Tech Talks Digest

Monitoring Serverless Workloads with OpenTelemetry and Prometheus

Year: 2024

Labels: cloud native, monitoring, observability, opentelemetry, prometheus, serverless

Monitoring Serverless Workloads with OpenTelemetry and Prometheus

Speaker(s): Ridwan Sharif, Google

Video URL: https://www.youtube.com/watch?v=r6qb3OivFyQ

Summary: The talk explains the challenges of observability in serverless environments, such as the transient nature of instances. To address these issues, Google introduced sidecars in Cloud Run to run alongside main containers for collecting telemetry data, and they implemented lifecycle dependencies to ensure proper telemetry collection during startup and shutdown.
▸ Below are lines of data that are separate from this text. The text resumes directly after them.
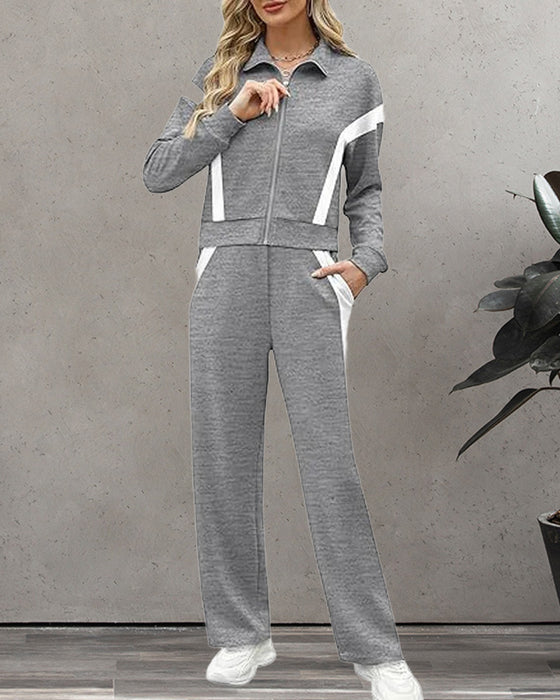 To - delssett Med Sporty - Casual Stil Egenskaper Av Jacke Og Bukser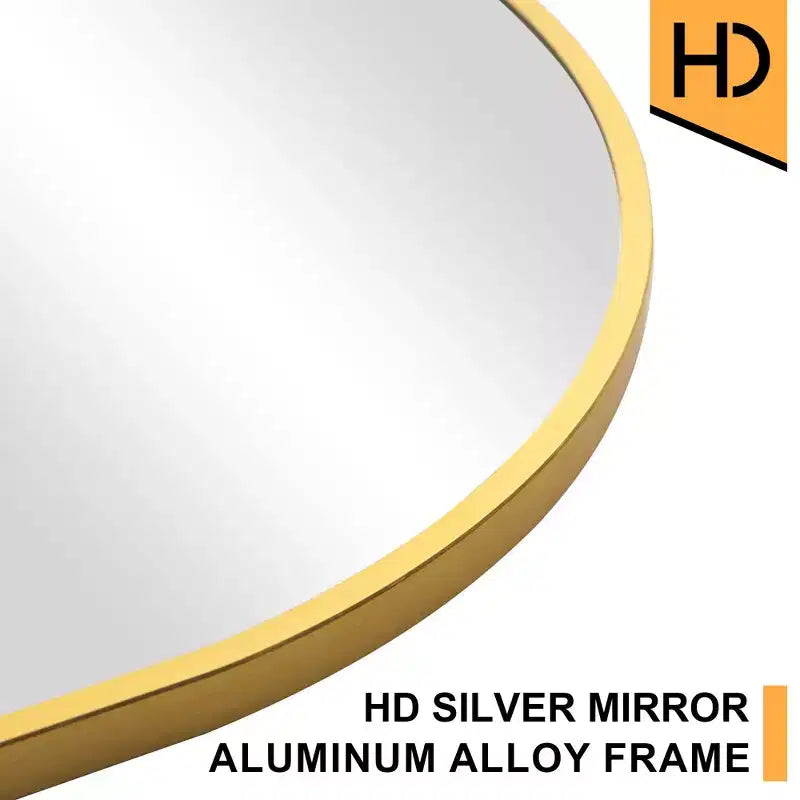 Miroir pleine longueur arqué à cadre métallique, miroir sur pied, miroir de coiffeuse.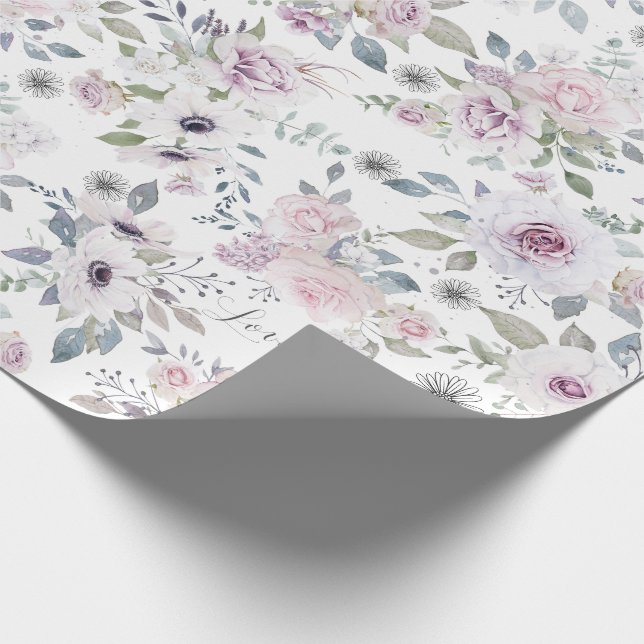 Lavender Rose Love Wrapping Paper (Corner)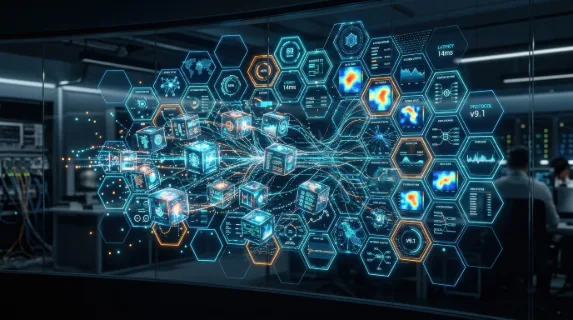 A futuristic hexagonal interface with 3D cubes, glowing dots and luminous tech lines, polished VR-style data visualization, ultra-realistic, no logos.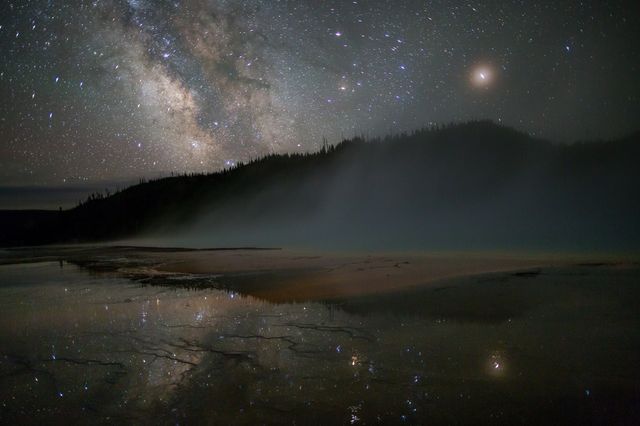 Milky Way Galaxy Reflection over Lake with Misty Mountain in Background - Download Free Stock Photos Pikwizard.com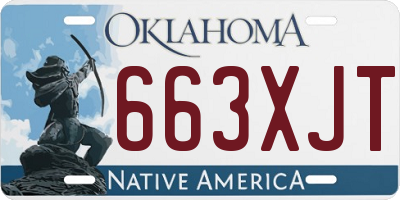 OK license plate 663XJT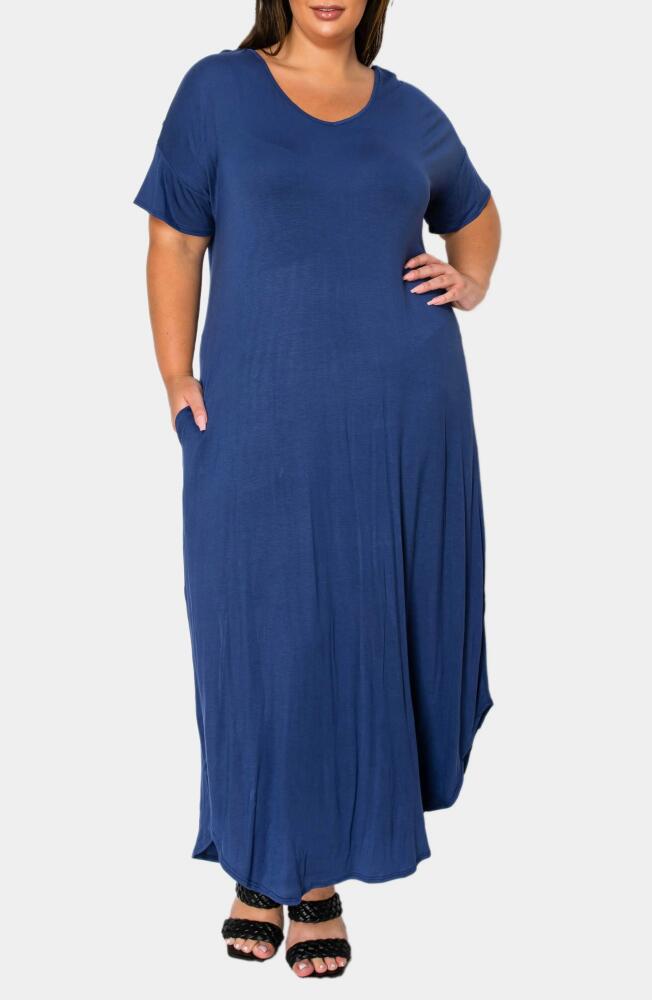 L I V D Short Sleeve Jersey Maxi Dress in Denim Dark Cover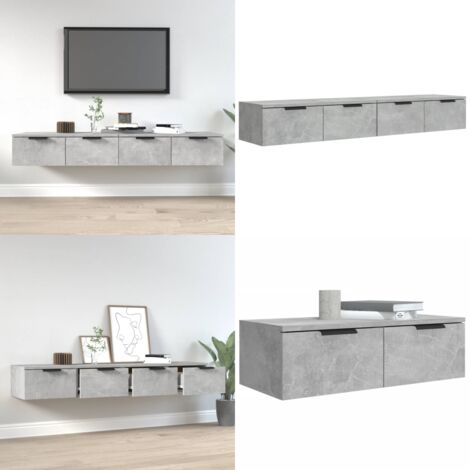 Mobili Pensili 2 pz Grigio Cemento 68x30x20cm Legno Multistrato - Armadietti da parete - Mobili da parete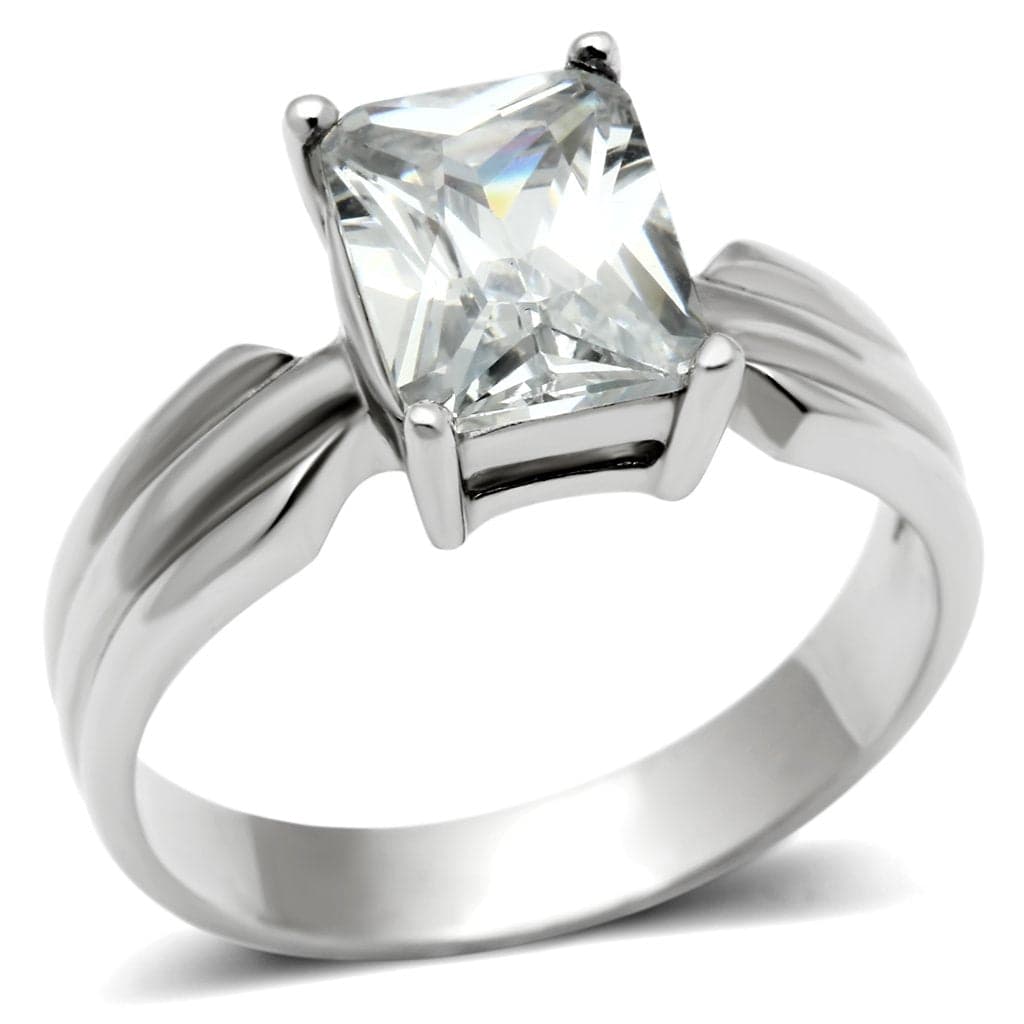 Stainless Steel Silver CZ Princess Split Shank Solitaire Ring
Adjustments were also made to support both push-based (e.g., OpenTelemetry) and pull-based (e.g., Prometheus) telemetry systems in serverless environments.

Timestamps

  • 00:00 - Introduction and Agenda
  • 02:00 - Focus on Serverless
  • 05:00 - Serverless Observability (O11y)
  • 07:25 - Problem: serverless instances are expected to be short-lived
  • 08:20 - Problem: the need to normalize cumulative metrics
  • 08:50 - Problem: prometheus-based scraping expect metrics to be pulled
  • 10:45 - Problem: need more control of how to configure collections
  • 11:40 - Cloud Run infrastructure changes needed to accommodate o11y
  • 14:35 - Adjustments needed for push-based OpenTelemetry Protocol (OTLP) ingest
  • 15:05 - Adjustments needed for pull-based ingest (Prometheus metrics)
  • 17:25 - How the productionize (deploy and configure) the collectors
  • 19:00 - Next steps

Key Takeaways

  • Traditional monitoring tools face difficulties due to the ephemeral nature of serverless instances.
  • Google introduced sidecars and lifecycle dependencies in Cloud Run to improve observability.
  • Ongoing efforts include reducing resource overhead and addressing CPU throttling issues.

Questions/Discussion Points

  • These were the changes done in Cloud Run to accommodate o11y - what about other serverless services?